# Business Insurance



## pink-north (Nov 13, 2007)

I'm looking for business insurance. I know there was one mentioned on this site before, but I can't find the thread. Does anyone know of a good relatively inexpensive insurance provider (Canadian if I could get it)?


----------



## Guest (Nov 13, 2007)

If you make under 5000.00  a year you can go through this company. 

www.bombainsurance.com 

After 5 grand you have to join either Soapmakers Guild or HBN to get insurance.


----------



## pink-north (Nov 13, 2007)

I checked out both of the sites, but they don't cover anyone residing in Canada. Which is a huge bummer. I asked the agent who covers my homeowners insurance and I'm trying to find something less costly. Are there any other Canadians out there with this dilema?


----------



## Tabitha (Nov 13, 2007)

Here is some info I posted to another thread:
*******************************************
Here is 1 company that offers insuarnace: The Soapmaker's Guild , membership cost with insurance will be $480. If you choose to increase the insurance coverage to $2 million, the additional cost is $55.00 

Here is another: Handmade Beauty Network membership is $100.00/year, insurance is $395.00 for one year for a total of $495.00. 

Here are a few more off the top of my head that cover bath & body: Consolidated Insurance, The Hartford (if you are over 50) & Benchmark Insurance. 

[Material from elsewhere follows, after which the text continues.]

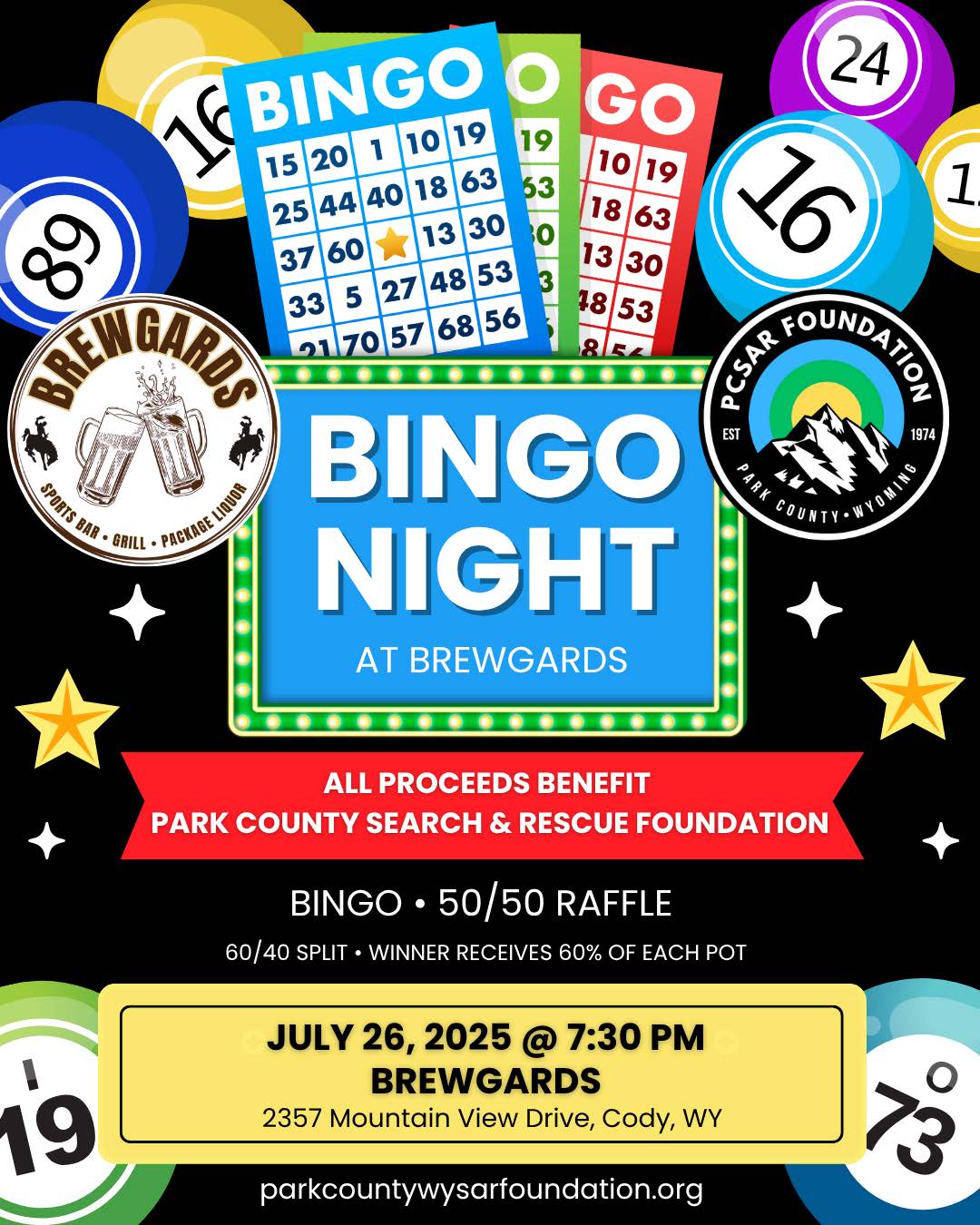 PCSARF BINGO NIGHT 7.26.25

Just make sure that buying insurance for a home based business does not cancel out your home owners insurance."
***************************************************
Smelli is right about bombain, they are $250.00 a year, right?


----------



## pink-north (Nov 13, 2007)

Thanks for the info and help guys, but the Soapmakers Guild will only insure me if I also  have and American address. This won't help me. I'm really trying to avoid $1,700.00/yr.    There must be something for us Canadians.


----------



## Guest (Nov 13, 2007)

WOW THAT IS HIGH! S H O O T !!!


----------



## pink-north (Nov 14, 2007)

I just got off the phone with my insurance agent turned broker and the best they could give me is $1,700.00/yr, but only if I do all my business in Canada. I wouldn't be covered for the U.S. or overseas.     I really don't want to do this without insurance. Does anyone have any ideas?


----------